# OLI Content Extraction and Analysis

In [1]:
import pandas as pd
import numpy as np
import textract
import re, json, os
from os.path import join
from bs4 import BeautifulSoup
from gensim.summarization import keywords
import warnings
warnings.filterwarnings("ignore")

## 1. Extract content from PDF file

In [2]:
def extract_content_from_pdf(filename):
    # text variable which contains all the text derived from our PDF file
    full_text = textract.process(filename, method='pdfminer', language='eng').decode('utf-8')
    return full_text.encode('ascii','ignore').lower().decode('utf-8')

def extract_keyword(full_text):
    keyword_summaries = keywords(text = full_text, split = "\n", scores = True)
    data = pd.DataFrame(keyword_summaries, columns = ["keyword", "score"])
    return data.sort_values("score", ascending = False)

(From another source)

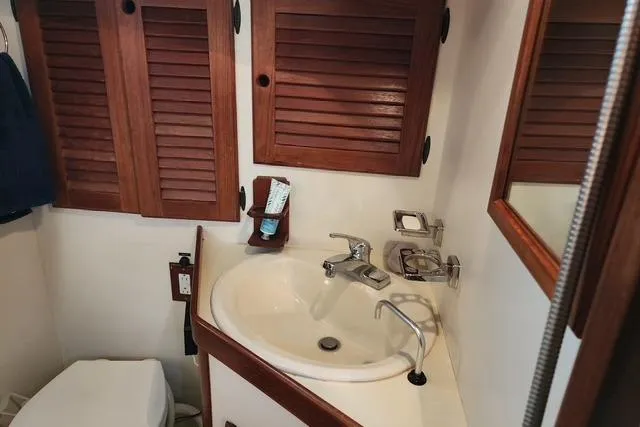 Slide: The Image of 1984 Bristol 45.5 Center Cockpit bathroom with wooden cabinets and sink. - 33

## 2. Extract content from XML files 

In [3]:
SEMESTER = "f19"
oli_org = open(f'{SEMESTER}/organizations/default/organization.xml', "r").read()
oli_org_soup = BeautifulSoup(oli_org, "lxml")

In [4]:
def get_module_unit_from_org(page_id):
    try:
        resource_ref = oli_org_soup.find('resourceref', {'idref': page_id})
        curr_module = resource_ref.find_parent('module').find('title').get_text()
        curr_unit = resource_ref.find_parent('unit').find('title').get_text()
        return curr_module, curr_unit
    except:
        return None, None

def is_header(p):
    # a header paragraph should have the form <p><em>...</em></p>, with no other inner tag
    n_contents = len([c for c in p.contents if not str(c.string).isspace()])
    return p.find("em") is not None and n_contents == 1

def get_file_content(filename):
    with open(f'{SEMESTER}/content/x-oli-workbook_page/' + filename ) as file:
        soup = BeautifulSoup(file.read(), 'lxml')
    page_id = soup.find('workbook_page')['id']
    curr_module, curr_unit = get_module_unit_from_org(page_id)
    title = soup.find("title").get_text().strip()   
    
    # extract the sub-headers <p><em>text</em></p> and remove them from the text content
    sub_headers = []
    for p in soup.find_all("p"):
        if is_header(p):
            sub_headers.append(p.find("em").get_text().strip())
            p.extract()
    
    all_text = "\n".join(p.get_text().strip() for p in soup.find_all("p"))
    all_text = re.sub(r"\n+", r"\n", all_text.strip())
    return {
        "Unit" : curr_unit, "Module" : curr_module, "Title" : title,
        "Text": all_text, "Subheaders" : ",".join(sub_headers)
    }

In [5]:
df_oli = pd.DataFrame([
    get_file_content(filename)
    for filename in os.listdir(f"{SEMESTER}/content/x-oli-workbook_page")
    if filename.endswith(".xml")
]).dropna()
df_oli.to_csv("oli_content.csv", index = False)
df_oli.head()

Unnamed: 0,Unit,Module,Title,Text,Subheaders
0,Data Gathering and Wrangling,Data Gathering,Data Management,A data scientist’s role involves utilizing com...,"Data Gathering Overview,Data Management"
1,Data Gathering and Wrangling,Data Collection Process,Summary and Quiz 2,Each data science project is unique and will r...,
5,Analytic Algorithms and Model Building,Data Science Patterns,Summary and Quiz 6,Prediction involves using a model to predict o...,
7,Analytic Requirements Gathering,Requirements Gathering Techniques,Successful Requirements Gathering,The requirements gathering process is not line...,Validating Requirements
8,Exploratory Data Analysis,Feature Engineering,Summary and Quiz 5,"In this module, we explored a technique used t...",


## 3. Topic modeling with LDA

In [None]:
from sklearn.feature_extraction.text import CountVectorizer
import matplotlib.pyplot as plt
import seaborn as sns
%matplotlib inline

In [None]:
def plot_10_most_common_words(count_data, count_vectorizer):
    words = count_vectorizer.get_feature_names()
    # get the count of each word across the entire corpus
    total_counts = count_data.sum(axis = 0).A.ravel()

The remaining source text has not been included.